Litstack Recs | Less & Sisters

by Tee Tate

Sisters, by Daisy Johnson

Daisy Johnson is barely in her 30s, and has only written two novels and a book of short stories, but she’s already been shortlisted for a Man Booker prize and is an Edge Hill Short Story Award winner. I read her debut novel, Everything Under, and was pulled into a far ranging yet intimate story, sometimes feral and often disconcerting that has at its core the story of a mother and daughter, with an epic pedigree.

While reading her second novel, Sisters, published in August 2020, it occurred to me that this young writer excels in creating damaged, incomplete characters that inhabit insular worlds, and yet are unintentionally, ruthlessly compelling.

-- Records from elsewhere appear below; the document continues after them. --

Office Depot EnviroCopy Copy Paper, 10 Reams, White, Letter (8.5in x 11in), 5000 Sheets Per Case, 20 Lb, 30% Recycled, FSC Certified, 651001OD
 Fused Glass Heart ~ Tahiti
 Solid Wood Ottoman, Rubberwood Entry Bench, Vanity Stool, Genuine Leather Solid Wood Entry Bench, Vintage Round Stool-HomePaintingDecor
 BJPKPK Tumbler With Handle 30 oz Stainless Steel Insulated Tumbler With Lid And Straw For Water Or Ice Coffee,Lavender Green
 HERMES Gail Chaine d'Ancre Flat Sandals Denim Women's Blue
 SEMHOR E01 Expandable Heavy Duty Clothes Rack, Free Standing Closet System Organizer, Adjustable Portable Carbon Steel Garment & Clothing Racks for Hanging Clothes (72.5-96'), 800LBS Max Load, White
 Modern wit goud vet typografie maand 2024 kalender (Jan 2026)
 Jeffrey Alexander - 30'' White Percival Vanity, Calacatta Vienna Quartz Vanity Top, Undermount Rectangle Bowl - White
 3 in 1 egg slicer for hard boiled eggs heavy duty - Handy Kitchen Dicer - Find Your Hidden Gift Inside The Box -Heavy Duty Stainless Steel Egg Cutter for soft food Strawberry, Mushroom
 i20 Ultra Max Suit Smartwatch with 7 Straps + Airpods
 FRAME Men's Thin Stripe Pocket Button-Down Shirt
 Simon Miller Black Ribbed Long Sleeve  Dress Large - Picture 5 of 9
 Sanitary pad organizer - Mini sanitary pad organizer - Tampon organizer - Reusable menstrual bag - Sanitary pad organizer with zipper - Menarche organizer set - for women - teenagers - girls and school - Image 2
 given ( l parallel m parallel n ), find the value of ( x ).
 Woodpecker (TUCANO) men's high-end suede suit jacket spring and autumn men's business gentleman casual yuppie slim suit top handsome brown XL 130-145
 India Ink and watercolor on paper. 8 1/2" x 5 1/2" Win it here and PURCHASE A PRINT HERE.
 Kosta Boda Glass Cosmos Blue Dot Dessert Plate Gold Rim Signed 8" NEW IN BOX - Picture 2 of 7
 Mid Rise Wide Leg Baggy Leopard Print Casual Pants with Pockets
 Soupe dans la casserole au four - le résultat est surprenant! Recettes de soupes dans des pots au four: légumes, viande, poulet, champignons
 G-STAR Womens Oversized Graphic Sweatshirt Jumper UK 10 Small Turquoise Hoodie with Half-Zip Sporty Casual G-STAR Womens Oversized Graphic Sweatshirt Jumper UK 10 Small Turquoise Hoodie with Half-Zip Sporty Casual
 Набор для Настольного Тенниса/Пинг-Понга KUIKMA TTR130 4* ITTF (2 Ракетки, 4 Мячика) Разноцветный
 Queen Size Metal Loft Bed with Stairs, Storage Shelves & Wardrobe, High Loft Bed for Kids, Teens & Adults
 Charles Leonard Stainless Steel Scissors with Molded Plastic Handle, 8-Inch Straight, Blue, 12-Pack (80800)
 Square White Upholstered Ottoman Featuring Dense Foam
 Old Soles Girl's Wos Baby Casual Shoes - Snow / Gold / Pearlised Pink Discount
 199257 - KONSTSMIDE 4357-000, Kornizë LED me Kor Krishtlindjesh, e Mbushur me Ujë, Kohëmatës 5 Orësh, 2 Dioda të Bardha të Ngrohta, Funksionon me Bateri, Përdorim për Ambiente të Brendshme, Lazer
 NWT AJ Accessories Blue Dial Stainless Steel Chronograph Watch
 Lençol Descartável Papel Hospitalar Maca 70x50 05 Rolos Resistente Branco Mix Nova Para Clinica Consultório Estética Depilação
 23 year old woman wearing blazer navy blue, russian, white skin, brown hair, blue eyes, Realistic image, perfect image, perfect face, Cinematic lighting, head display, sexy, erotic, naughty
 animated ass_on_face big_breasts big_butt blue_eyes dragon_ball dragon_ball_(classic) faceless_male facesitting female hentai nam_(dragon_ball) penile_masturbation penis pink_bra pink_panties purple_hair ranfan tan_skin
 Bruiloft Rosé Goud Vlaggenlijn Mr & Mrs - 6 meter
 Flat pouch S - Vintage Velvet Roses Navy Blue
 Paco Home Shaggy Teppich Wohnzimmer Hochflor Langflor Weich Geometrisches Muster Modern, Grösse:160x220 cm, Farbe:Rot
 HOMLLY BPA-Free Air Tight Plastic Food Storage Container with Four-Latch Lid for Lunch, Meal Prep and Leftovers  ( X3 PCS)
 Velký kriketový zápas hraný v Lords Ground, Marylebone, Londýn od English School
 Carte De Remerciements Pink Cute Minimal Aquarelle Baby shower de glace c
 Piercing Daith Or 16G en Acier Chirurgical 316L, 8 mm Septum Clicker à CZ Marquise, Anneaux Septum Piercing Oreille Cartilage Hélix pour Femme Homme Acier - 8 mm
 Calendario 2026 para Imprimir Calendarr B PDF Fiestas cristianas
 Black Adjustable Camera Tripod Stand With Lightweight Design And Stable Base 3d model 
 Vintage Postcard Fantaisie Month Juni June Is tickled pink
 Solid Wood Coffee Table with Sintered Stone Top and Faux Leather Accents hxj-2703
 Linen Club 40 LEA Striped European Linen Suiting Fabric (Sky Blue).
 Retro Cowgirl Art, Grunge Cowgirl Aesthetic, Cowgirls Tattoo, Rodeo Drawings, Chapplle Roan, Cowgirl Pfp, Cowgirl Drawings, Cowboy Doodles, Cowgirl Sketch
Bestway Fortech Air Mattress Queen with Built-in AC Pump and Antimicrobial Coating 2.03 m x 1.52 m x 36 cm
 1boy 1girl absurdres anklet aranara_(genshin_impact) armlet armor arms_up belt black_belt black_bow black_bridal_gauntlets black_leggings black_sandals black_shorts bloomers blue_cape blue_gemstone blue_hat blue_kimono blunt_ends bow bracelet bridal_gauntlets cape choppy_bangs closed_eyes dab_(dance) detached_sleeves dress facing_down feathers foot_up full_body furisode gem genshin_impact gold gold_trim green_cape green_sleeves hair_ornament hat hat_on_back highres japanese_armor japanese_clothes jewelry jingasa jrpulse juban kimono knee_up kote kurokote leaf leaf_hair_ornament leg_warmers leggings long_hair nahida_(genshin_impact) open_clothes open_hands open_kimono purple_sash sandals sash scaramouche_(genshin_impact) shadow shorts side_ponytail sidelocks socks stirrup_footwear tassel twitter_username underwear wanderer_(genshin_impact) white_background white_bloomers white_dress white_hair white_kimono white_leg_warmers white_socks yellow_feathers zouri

Siblings September and July were born ten months apart. September is the willful one, the forceful one, who both provokes and cares for younger, pliable July. July, for the most part the book’s narrator, feels somewhat simple in her acceptance of September’s directions and her sometimes grudging reliance on her protection, even if she is unsure of the motivation for her sister’s actions. (“One of the teachers took me aside once and said, Does September make you do things you don’t want to do? And I said no no no no but underneath the no there was a maybe that I think about only at times like this.”)

The book opens with the sisters moving with their mother into “the Settle House” on the North York Moors, following some unspecified, mysterious incident at their school in Oxford. The worn down, dingy house is owned by their dead father’s sister, rented out to “people like us who do not know where else to go.” Their mother had lived there before – September was born there – but even then the house had seemed barren and remote. Now it feels duplicitous, suspicious.

The loneliness of the Moors is palpable but other than the splayed relationship of the sisters, there is no sense of unity in this book. Not only are the sisters unaffected by their mother’s exclusion, but the utterly ordinary people who cross their path – the fellow who comes to fix their internet connection, the local boy who invites the sisters to a party with friends on the beach – are toyed with cruelly and wantonly.

Deciphering the sisters’ relationship, piecing together the emotional absence of their mother, and navigating their suddenly remote existence where whatever happened at the school is always a fleeting motion at the corner of the reader’s eye provides a strumming suspense throughout the book, a slow, constant boil that feels continually ominous. Although you know a revelation is coming, you are unsure of where it will come from; so much of the narrative – even the language of the narrative – keeps the reader off balance, and questioning what is real and what is imagined, and why. When the revelation does come, it is truly devastating.

Sisters is a book that will chill you and completely draw you in. You know that sister that you haven’t talked to in years or that brother that always seems to get under your skin? They won’t seem all that bad after reading this book. And yet, and yet, the bond between the two sisters, while eerie and dysfunctional, is also, in its own bizarre way, riveting.